Research on lightweight algorithm for gangue detection based on improved Yolov5

Sci Rep. 2024 Mar 20;14(1):6707. doi: 10.1038/s41598-024-57259-9.

Abstract

In order to solve the problems of slow detection speed, large number of parameters and large computational volume of deep learning based gangue target detection method, we propose an improved algorithm for gangue target detection based on Yolov5s. First, the lightweight network EfficientVIT is used as the backbone network to increase the target detection speed.

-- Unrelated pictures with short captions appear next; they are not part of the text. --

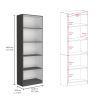 Home 4 Shelves Bookcase with Multi-Tiered Storage -Matt Gray / White -Office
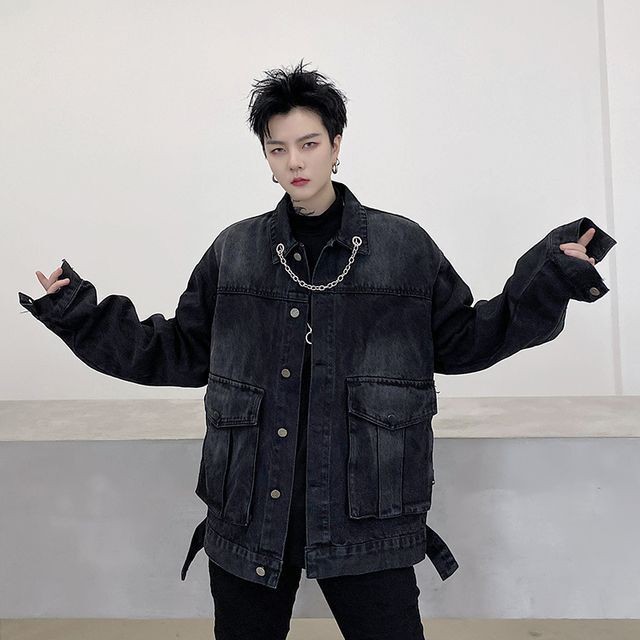 予約販売 デニムジャケット モノトーン Gジャン 春 アウター メンズ ブラック こなれ感 お洒落 韓国トレンド 春 秋 M L Xl Favoriteselect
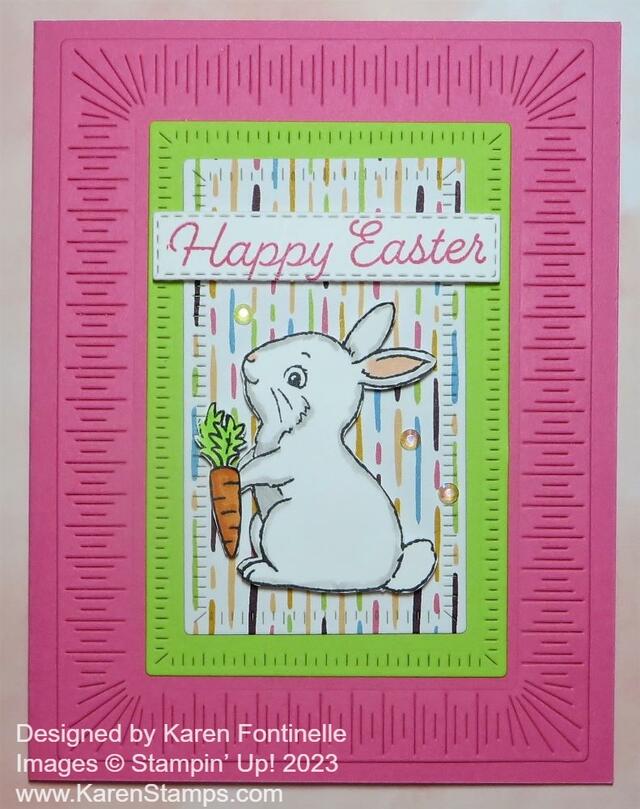 Radiating Stitches Easter Bunny Card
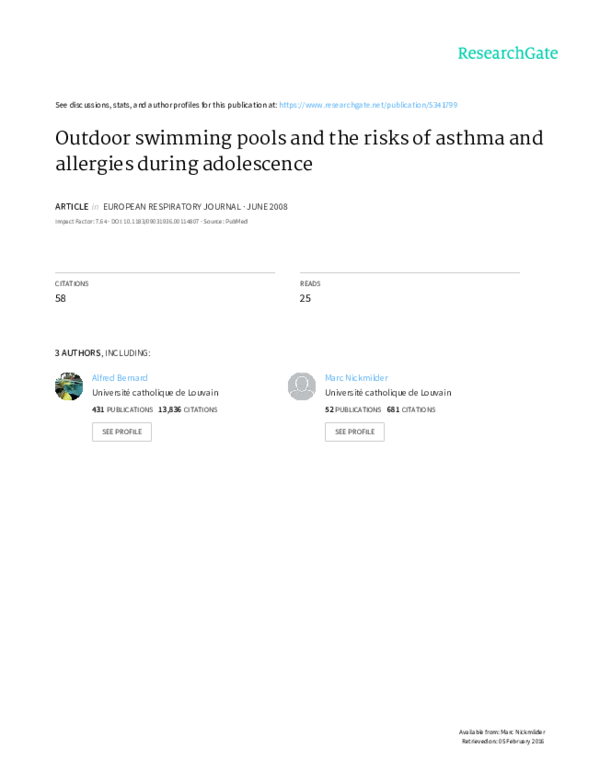 (PDF) Outdoor swimming pools and the risks of asthma and allergies during adolescence Marc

Second, C3_Faster replaces the C3 part in the HEAD module, which reduces the model complexity. once again, the 20 × 20 feature map branch in the Neck region is deleted, which reduces the model complexity; thirdly, the CIOU loss function is replaced by the Mpdiou loss function. The introduction of the SE attention mechanism makes the model pay more attention to critical features to improve detection performance. Experimental results show that the improved model size of the coal gang detection algorithm reduces the compression by 77.8%, the number of parameters by 78.3% the computational cost is reduced by 77.8% and the number of frames is reduced by 30.6%, which can be used as a reference for intelligent coal gangue classification.

Keywords: Attention mechanism; Coal gangue recognition; EfficientVIT; Loss function; Yolov5s.